Tuesday, March 10, 2015

Governor Jindal of Louisiana wants the world to know he’s the Senate’s Honorary 48th Traitor.

Hello from my house to yours. We’re having a pukey, heavily overcast day here in north Texas and I haven’t felt much like doing ANYTHING today. Sam took me to the doctor this morning for my Coumadin blood test (details follow) and then we came straight home for the world’s fastest lunch and a nap. I can’t even remember what the hell I ate. My fork was a blur.

And now ... MY BLOOD TEST RESULTS! The magic number today was 3.2, which means the Coumadin is working but my blood is actually a little too thin now. The target range is between 2 and 3; anything higher (or lower) is unacceptable. I wanted to suggest stirring in a little corn starch but I didn’t think my nurse would get the joke. We’ll test again next Tuesday morning, and if nothing changes Dr. M will probably adjust my medication.

Here are the rest of today’s “vitals” for your possible interest: blood pressure 110/70; heart rate 78; temperature 98.2°. The question is, if I’m so goddamn perfect why do I always feel like shit?
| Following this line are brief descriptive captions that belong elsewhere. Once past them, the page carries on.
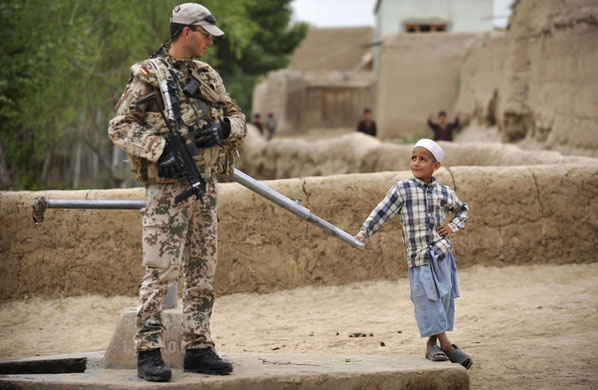 24 hours in pictures: A Afghan boy looks at a German armed forces near Kunduz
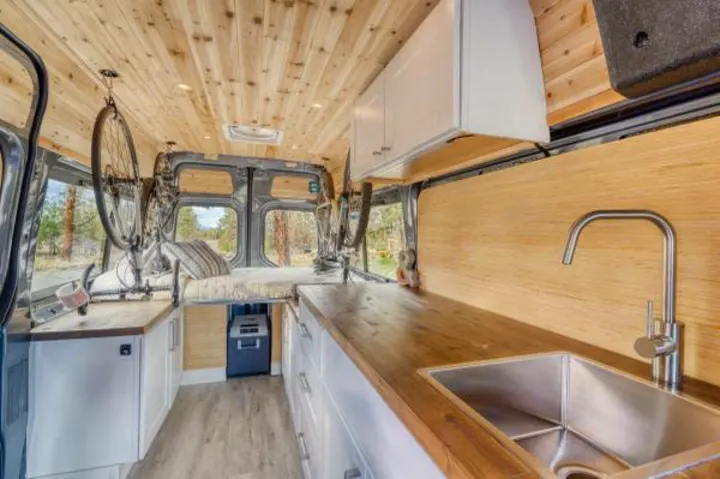 Explore this RV rental's clever interior: a wood-paneled van conversion with kitchen sink, cabinets, bed, and hanging bikes. Adventure-ready!. Mercedes-Benz Sprinter 2021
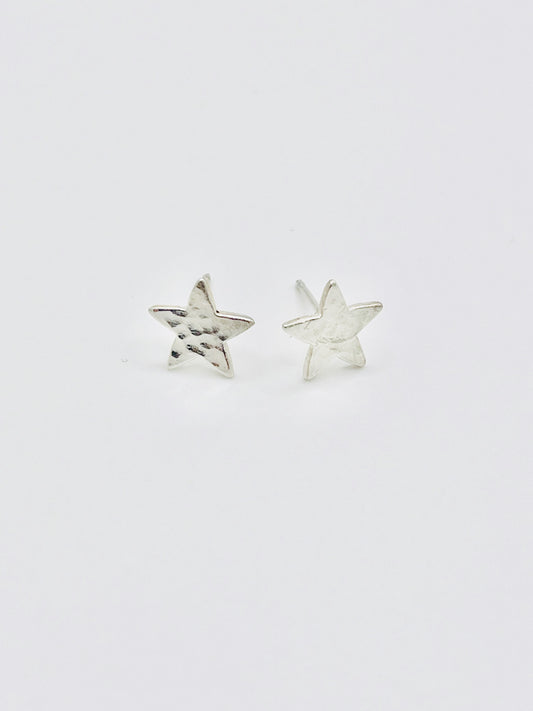 Silver star studs.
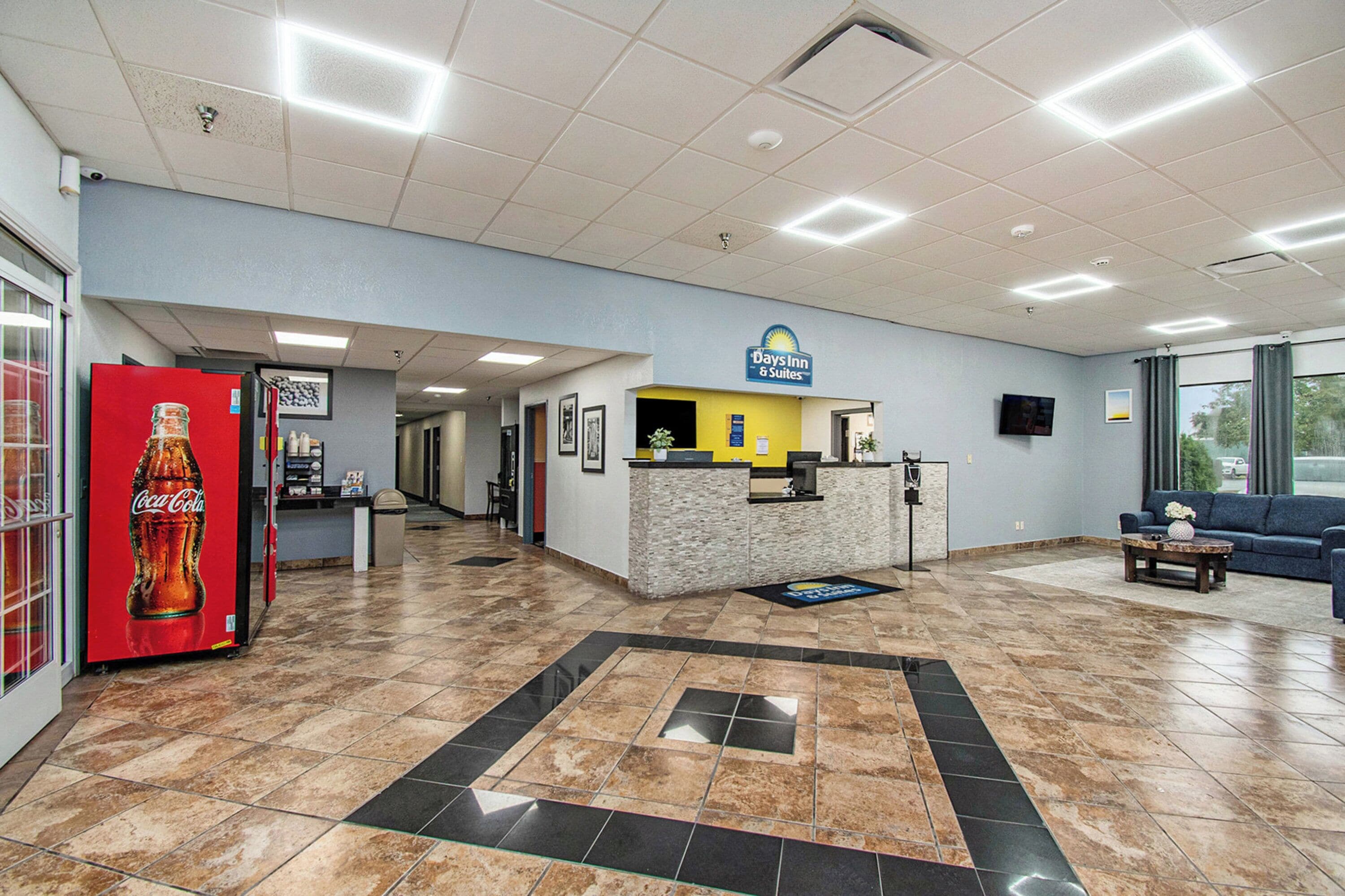 A hotel lobby with a reception desk, a Coca-Cola refrigerator, a large window, and a seating area.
I’ve got another fresh Putz of the Week for you, people, and once again we’re acknowledging Governor Piyush “Call-Me-Bobby” Jindal of Louisiana, who wants the world to know he’s one of the anti-Obama cool kids and the Senate’s Honorary 48th Traitor.
“Call-Me-Bobby” apparently drew the short stick in today’s Iran 47 counterspin when, in a desperate effort to inject himself into the action, he tweeted some bizarre bullshit ... including a demand that troops-hatin’ Vice President Joe Biden owes treasonous Senator Tom Cotton an apology. Tom Cotton was yesterday’s Putz of the Week [see post]. There’s actually a chance he might qualify for Putz of the Century.
Howdy Doody Jindal — always the attention whore — is at it again, this time surfacing as a rat jumping onto a sinking garbage scow. He’s so jealous he got left behind because he isn’t a Senator and didn’t get invited to sign Tom Cotton’s letter that he failed to notice that his potential 2016 presidential primary rivals — Senators Ted Cruz, Marco Rubio, Rand Paul, and Lindsey Graham, all of whom DID sign the letter — have been suspiciously silent while they scramble to figure out how to not look like a bunch of goddamned traitors to the United States of America.

Here’s a newsflash for “Call-Me-Bobby.” Military service doesn’t bestow Senator Cotton with magic powers that give him automatic license to troll Iran at the President’s expense. Perhaps if you’d served in the military, you creepy little bastard, you’d understand this better. You and your party of trash-talking buffoons owe America, President Obama and Vice President Biden an apology for your inexcusable disrespect and intentional sabotage.

Therefore ... I’m asking Howdygram readers to PLEASE SIGN THE WHITE HOUSE PETITION to file official charges against the 47 senators who signed Tom Cotton’s letter and violated the Logan Act, which forbids unauthorized citizens from negotiating with foreign governments. Violation of the Logan Act is a felony, punishable under federal law with imprisonment of up to three years. Holy crap, wouldn’t that be GLORIOUS?
Thank you for your support. Seriously.